Il processo a carico di Gianni Melluso, l’accusatore di Enzo Tortora e noto alle cronache con l’appellativo di “Gianni il bello” sarà al centro del nuovo appuntamento in compagnia di Un Giorno in Pretura, in onda stasera 12 maggio su Raitre. Tutto ha inizio il 16 aprile 2007 con il ritrovamento in un pozzo artesiano a Mazara del Vallo, in provincia di Trapani, di un corpo in avanzato stato di decomposizione appartenente alla donna. La vittima è la 39enne svizzera Sabine Maccarrone e per quell’omicidio fu accusato proprio Gianni Melluso. Il suo nome era già finito in precedenza (ed in numerose occasioni) sulle prime pagine di cronaca nazionale per traffico di stupefacenti e, negli Anni Ottanta, per le false soffiate su Enzo Tortora. Nel corso della trasmissione condotta da Roberta Petrelluzzi saranno ripercorse tutte le fasi della vicenda, dall’accusa di essere il mandante dell’omicidio di Sabine – con la quale aveva intrapreso una relazione amorosa – ai numerosi colpi di scena che intervennero nell’ambito del processo. Condannato il 29 maggio 2015 dalla Corte di Assise di Trapani. Gianni il bello commentò: “Sono stato un rapinatore di banche perché mi piace la bella vita, ma non ho mai ucciso nessuno”. Quasi quattro anni più tardi, nel marzo scorso, ecco l’ennesima svolta con l’annullamento della condanna da parte della Corte d’Assise d’Appello di Palermo inflitta in primo grado. In quest’ultima occasione la Corte ha anche disposto la scarcerazione di Melluso.

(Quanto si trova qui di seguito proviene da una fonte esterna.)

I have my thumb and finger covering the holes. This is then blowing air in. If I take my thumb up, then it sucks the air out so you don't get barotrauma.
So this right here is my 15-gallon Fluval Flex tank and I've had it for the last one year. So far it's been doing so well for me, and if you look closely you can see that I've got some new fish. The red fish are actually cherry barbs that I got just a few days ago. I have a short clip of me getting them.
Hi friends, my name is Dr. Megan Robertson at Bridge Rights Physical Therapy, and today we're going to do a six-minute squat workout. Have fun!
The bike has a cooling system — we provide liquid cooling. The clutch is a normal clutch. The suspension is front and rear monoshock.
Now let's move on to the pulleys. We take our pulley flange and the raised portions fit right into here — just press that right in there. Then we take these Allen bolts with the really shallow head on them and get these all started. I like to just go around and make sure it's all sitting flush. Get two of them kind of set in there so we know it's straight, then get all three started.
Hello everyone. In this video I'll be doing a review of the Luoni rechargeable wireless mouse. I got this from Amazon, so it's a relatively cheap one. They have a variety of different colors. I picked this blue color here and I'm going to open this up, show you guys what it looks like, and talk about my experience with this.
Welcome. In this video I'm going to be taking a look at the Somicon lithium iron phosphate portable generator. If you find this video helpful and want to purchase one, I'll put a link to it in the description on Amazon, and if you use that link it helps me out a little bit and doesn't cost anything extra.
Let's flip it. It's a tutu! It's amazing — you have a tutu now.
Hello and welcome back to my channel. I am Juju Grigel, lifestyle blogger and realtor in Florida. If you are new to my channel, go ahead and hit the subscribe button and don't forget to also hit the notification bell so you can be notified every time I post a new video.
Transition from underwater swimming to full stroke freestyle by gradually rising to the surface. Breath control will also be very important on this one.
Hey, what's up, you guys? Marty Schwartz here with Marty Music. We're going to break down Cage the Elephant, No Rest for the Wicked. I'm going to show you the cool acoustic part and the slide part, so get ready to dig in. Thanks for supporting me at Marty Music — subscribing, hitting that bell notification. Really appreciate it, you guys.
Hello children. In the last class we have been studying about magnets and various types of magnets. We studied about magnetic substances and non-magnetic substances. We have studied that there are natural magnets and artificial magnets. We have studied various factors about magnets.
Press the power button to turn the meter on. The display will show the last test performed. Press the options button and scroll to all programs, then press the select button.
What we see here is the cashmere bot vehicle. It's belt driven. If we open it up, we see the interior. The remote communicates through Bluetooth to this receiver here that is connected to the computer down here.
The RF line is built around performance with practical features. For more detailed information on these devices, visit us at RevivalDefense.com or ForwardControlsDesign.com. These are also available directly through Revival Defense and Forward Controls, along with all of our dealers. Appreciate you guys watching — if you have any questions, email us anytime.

GIANNI IL BELLO: PROCESSO PER L’OMICIDIO DI SABINE MACCARRONE

Per il delitto di Sabine Maccarrone resta in carcere Giuseppe D’Assaro, indicato da Gianni Melluso come il possibile autore sin dal giorno successivo al ritrovamento del cadavere della donna in un pozzo artesiano in contrada San Nicola. Gianni il bello ammise di aver avuto con la vittima una relazione ed al tempo stesso giurò di non aver avuto alcun motivo per ucciderla. Quando però D’Assaro fu arrestato, quest’ultimo decise di vendicarsi di Melluso e, pur ammettendo l’omicidio di Sabine accusò Gianni il bello di esserne stato il mandante. Da qui prese il via il processo di primo grado con una sentenza all’ergastolo poi ribaltata dalla corte d’Appello per un delitto che ad oggi resta con un solo colpevole. D’Assaro fu condannato a 30 anni di reclusione. In riferimento a Melluso, invece, ancor prima di essere coinvolto nel caso di omicidio il suo nome rimase (e continua ad esserlo) connesso alle accuse su Enzo Tortora, il conduttore protagonista di una gogna mediatica e che portò al suo arresto il 17 gennaio 1983. Ciò fu possibile dopo una presunta “soffiata” di Melluso che, dopo essere partito dalla Sicilia già all’età di 15 anni compiva i suoi primi passi a Milano, ai confini della mala lombarda. Una volta maggiorenne fu coinvolto in una serie di episodi criminali, tra rapine e traffici di droga. Ma per il delitto di Sabine, hanno stabilito i giudici Palermitani, “il fatto non sussiste”.